As filed with the U.S. Securities and Exchange Commission on January 25, 2023
UNITED STATES
SECURITIES AND EXCHANGE COMMISSION
Washington, D.C. 20549
POST-EFFECTIVE AMENDMENT NO. 1 TO
FORM S-1
REGISTRATION STATEMENT NO. 333-261070
UNDER THE SECURITIES ACT OF 1933
RUBBER LEAF INC |
(Exact name of registrant as specified in its charter) |
Nevada | | | | 32-0655276 |
(State or other jurisdiction of | | | | (I.R.S. Employer |
incorporation or organization) | | | | Identification No.) |
Qixing Road, Weng’ao Industrial Zone Chunhu Subdistrict, Fenghua District Nigbo, Zhejiang, China + 86-0574-8873385 | | ParaCorp Incorporated 318 N. Carson Street, Ste 208 Carson City, Nevada 89701 (916) 576-7000 |
(Address, including zip code, and telephone number, including area code, of registrant’s principal executive offices) | | (Name, address, including zip code, and telephone number, including area code, of agent for service) |
Copy to:
William B. Barnett, Esq.
Barnett & Linn
60 Kavenish Drive
Rancho Mirage, CA 92270
Telephone: (442) 274-7571
Approximate date of commencement of proposed sale to the public: Not applicable.
If any of the securities being registered on this Form are to be offered on a delayed or continuous basis pursuant to Rule 415 under the Securities Act of 1933 (the “Securities Act”) check the following box. ☐
If this Form is filed to register additional securities for an offering pursuant to Rule 462(b) under the Securities Act, please check the following box and list the Securities Act registration statement number of the earlier effective registration statement for the same offering. ☐
If this Form is a post-effective amendment filed pursuant to Rule 462(c) under the Securities Act, check the following box and list the Securities Act registration statement number of the earlier effective registration statement for the same offering. ☐
If this Form is a post-effective amendment filed pursuant to Rule 462(d) under the Securities Act, check the following box and list the Securities Act registration statement number of the earlier effective registration statement for the same offering. ☐
Indicate by check mark whether the registrant is a large accelerated filer, an accelerated filer, a non-accelerated filer, smaller reporting company, or an emerging growth company.

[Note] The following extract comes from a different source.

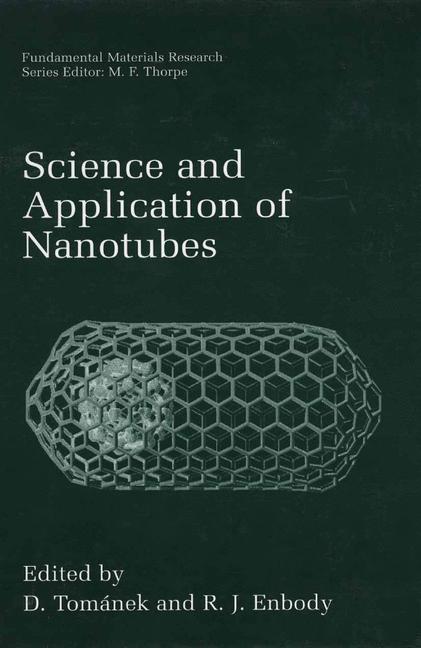 Science and Application of Nanotubes 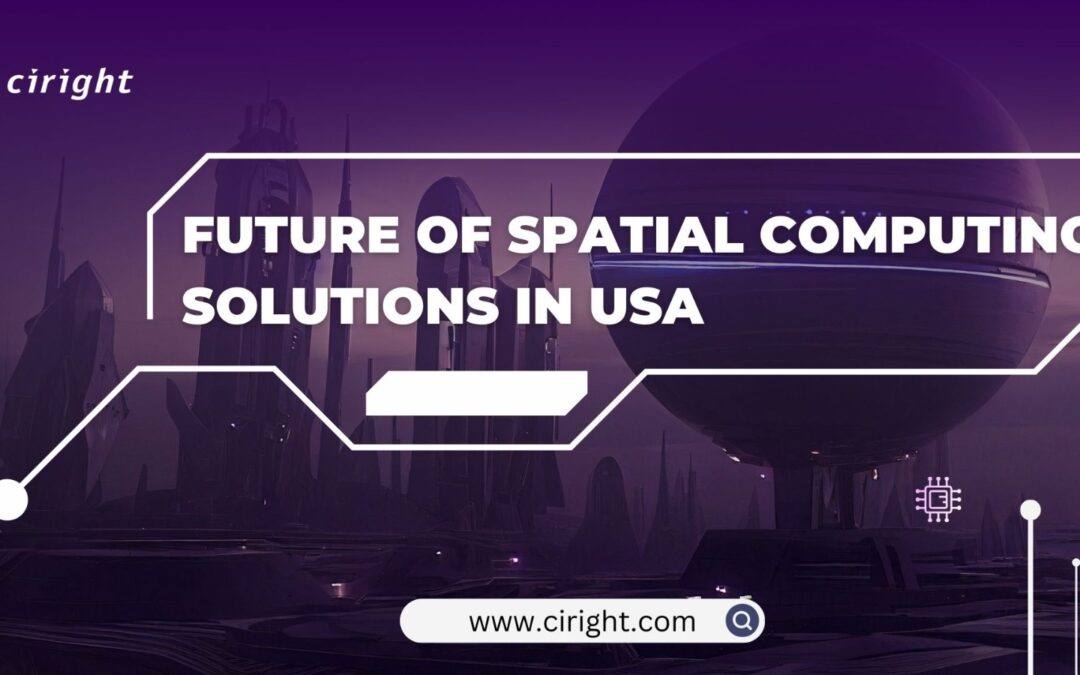 Spatial computing solutions in usa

See the definitions of “large accelerated filer,” “accelerated filer,” “smaller reporting company,” and “emerging growth company” in Rule 12b-2 of the Exchange Act.

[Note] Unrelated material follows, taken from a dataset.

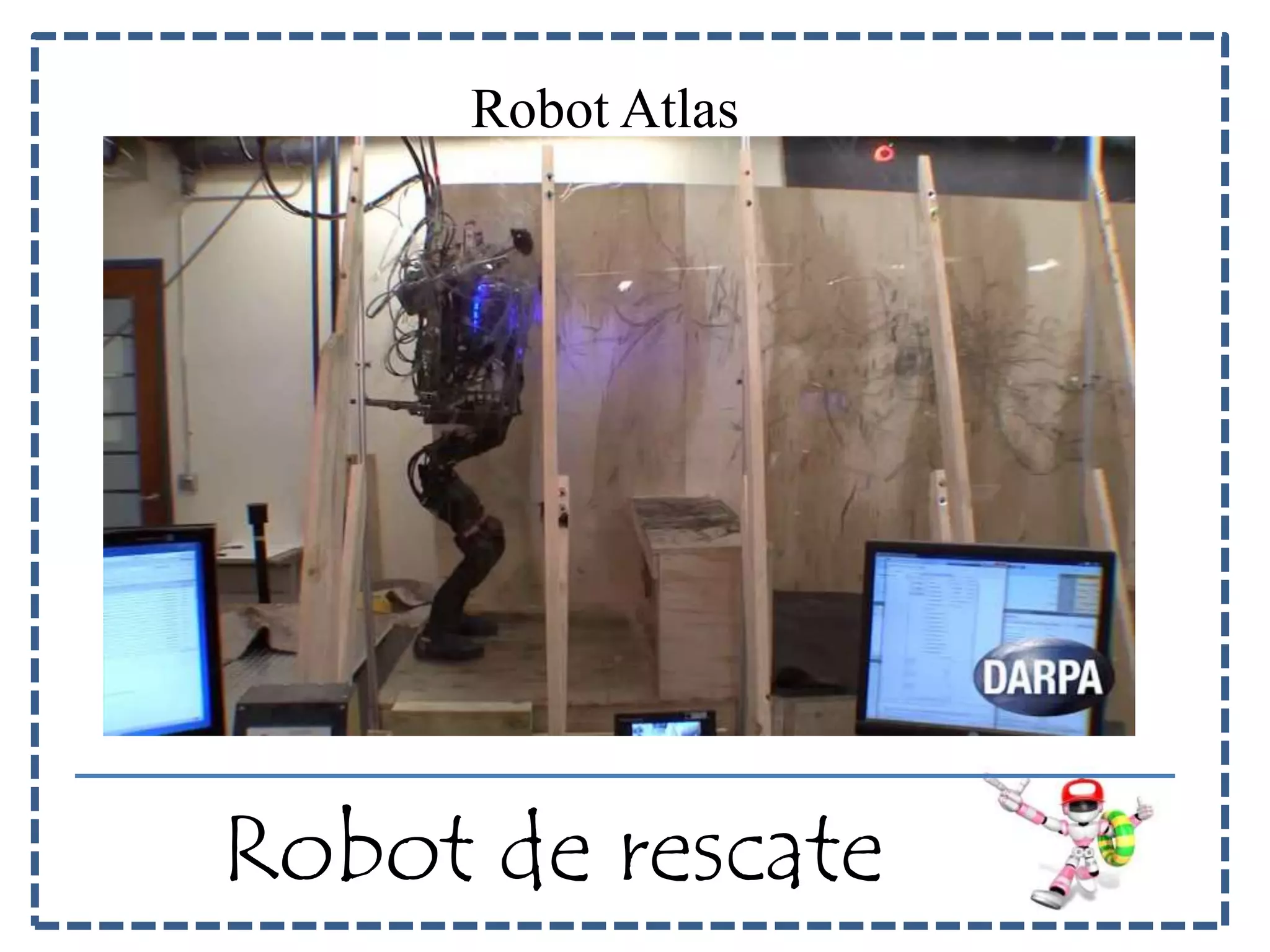 Robot Atlas 
Robot de rescate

Large accelerated filer | ☐ | Accelerated filer | ☐ |
| | | |
Non-accelerated filer | ☐ | Smaller reporting company | ☒ |
| | | |
| | Emerging growth company | ☒ |
If an emerging growth company, indicate by check mark if the registrant has elected not to use the extended transition period for complying with any new or revised financial accounting standards provided pursuant to Section 7(a)(2)(B) of the Securities Act. ☐
EXPLANATORY NOTE
DEREGISTRATION OF UNSOLD SECURITIES
On November 15, 2021, Rubber Leaf Inc (the “Company”) filed a registration statement on Form S-1 with the U.S. Securities and Exchange Commission, Registration Number 333-261070 (the “Registration Statement”), to register (i) 10,000,000 shares of common stock at $2.50 per share to be sold by its officers and directors and (ii) 916,458 shares for certain selling shareholders to be sold at $2.50 per share (collectively, the “Securities”). The Registration Statement was declared effective on November 10, 2022. No Securities were sold pursuant to the Registration Statement as of the date hereof.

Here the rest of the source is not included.